Re: Lift line-length limit for pg_service.conf

От

Daniel Gustafsson

Дата:

22 сентября 2020 г., 21:35:37

> On 22 Sep 2020, at 23:24, Tom Lane <tgl@sss.pgh.pa.us> wrote:
> 
> In the same vein, here's a patch to remove the hard-coded line length
> limit for tsearch dictionary files.

LGTM.  I like the comment on why not to return buf.data directly, that detail
would be easy to miss.

cheers ./daniel

Re: Lift line-length limit for pg_service.conf

От

Tom Lane

Дата:

22 сентября 2020 г., 22:09:55

Daniel Gustafsson <daniel@yesql.se> writes:
>> On 22 Sep 2020, at 23:24, Tom Lane <tgl@sss.pgh.pa.us> wrote:
>> In the same vein, here's a patch to remove the hard-coded line length
>> limit for tsearch dictionary files.

> LGTM.  I like the comment on why not to return buf.data directly, that detail
> would be easy to miss.

Yeah.  In a quick scan, it appears that there is only one caller that
tries to save the result directly.  So I considered making that caller
do a pstrdup and eliminating the extra thrashing in t_readline itself.
But it seemed too fragile; somebody would get it wrong and then have
excess space consumption for their dictionary.

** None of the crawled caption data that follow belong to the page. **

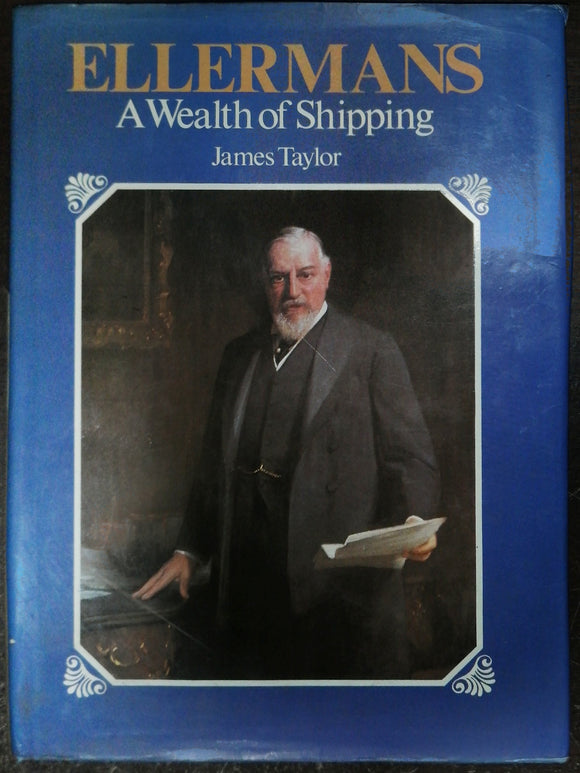 Ellermans A Wealth Of Shipping By James Taylor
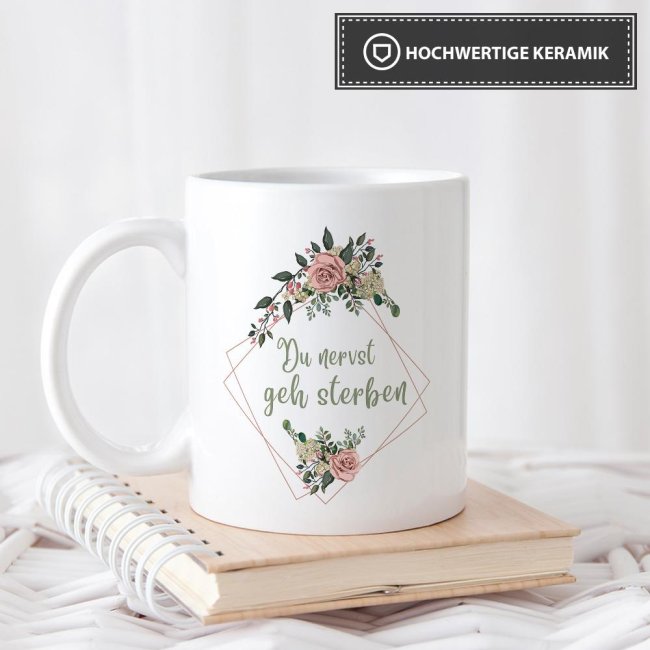 Tasse Blumen - Du nervst geh sterben - Wei&szlig;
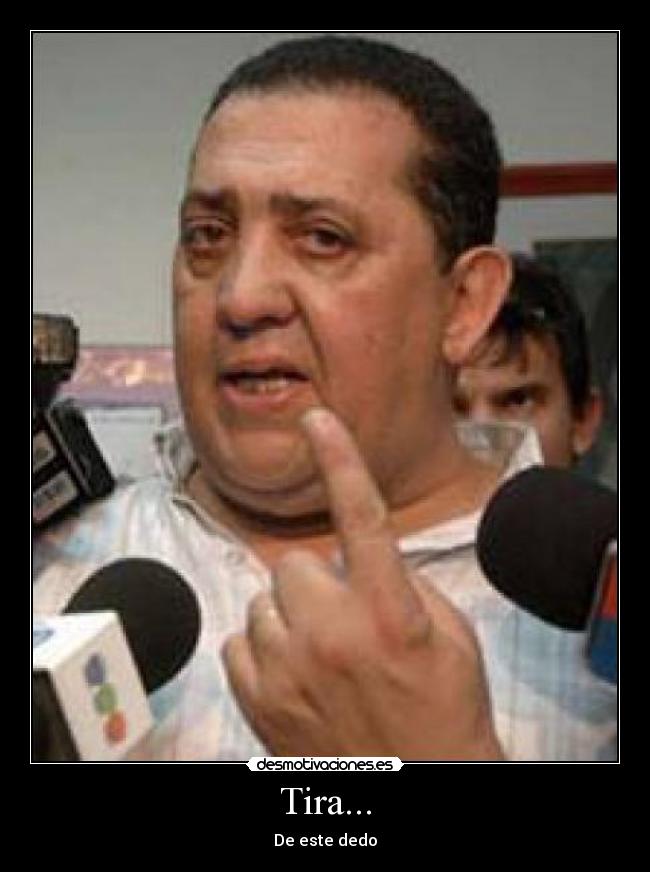 Tira... - De este dedo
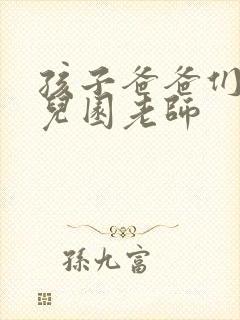 孩子爸爸们C幼儿园老师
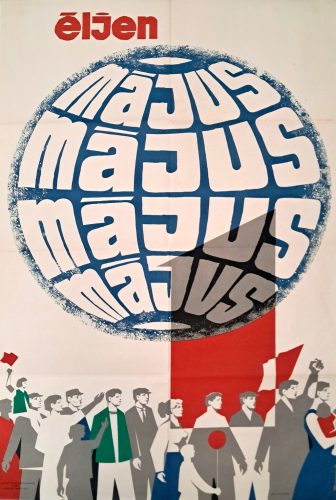 Éljen Május 1. propaganda plakát, Bükkösy jelzéssel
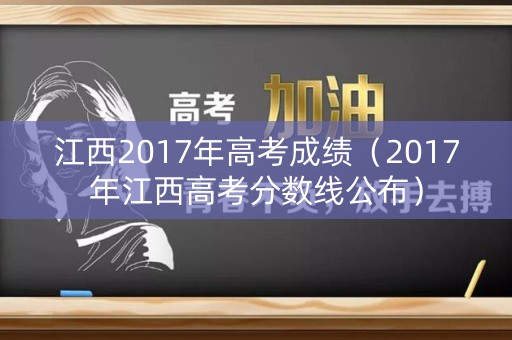 江西2017年高考成绩（2017年江西高考分数线公布）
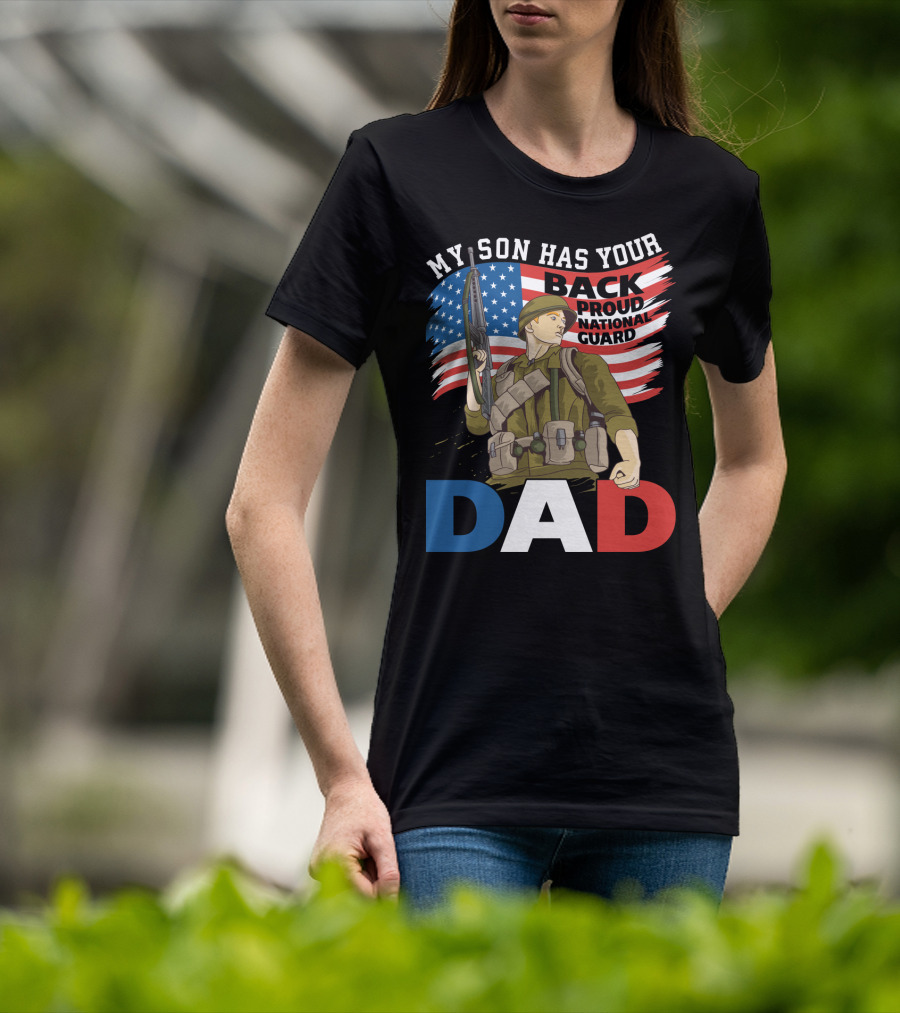 National Guard Pride My Son Has Your Back Proud Army Dad T-Shirt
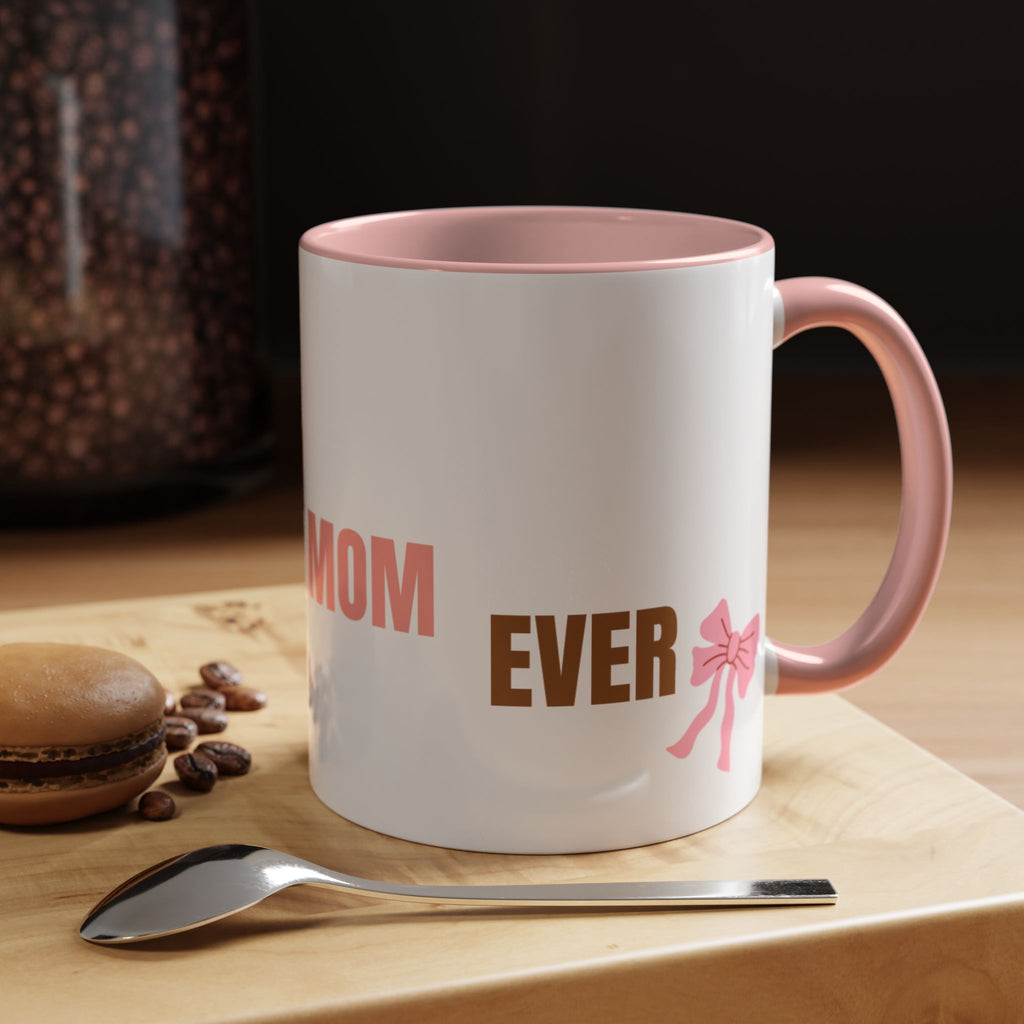 Dog Mom Coffee Mug — Best Dog Mom Ever Accent Ceramic Mug (11oz & 15oz)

            regards, tom lane

Re: Lift line-length limit for pg_service.conf

От

Tom Lane

Дата:

23 сентября 2020 г., 01:14:28

I wrote:
> Yeah.  In a quick scan, it appears that there is only one caller that
> tries to save the result directly.  So I considered making that caller
> do a pstrdup and eliminating the extra thrashing in t_readline itself.
> But it seemed too fragile; somebody would get it wrong and then have
> excess space consumption for their dictionary.

I had a better idea: if we get rid of t_readline() itself, which has
been deprecated for years anyway, we can have the calling layer
tsearch_readline_xxx maintain a StringInfo across the whole file
read process and thus get rid of alloc/free cycles for the StringInfo.

However ... while working on that, I realized that the usage of
the "curline" field in that code is completely unsafe.  We save
a pointer to the result of tsearch_readline() for possible use
by the error context callback, *but the caller is likely to free that
string at some point*.  So there is a window where an error would
result in trying to print already-freed data.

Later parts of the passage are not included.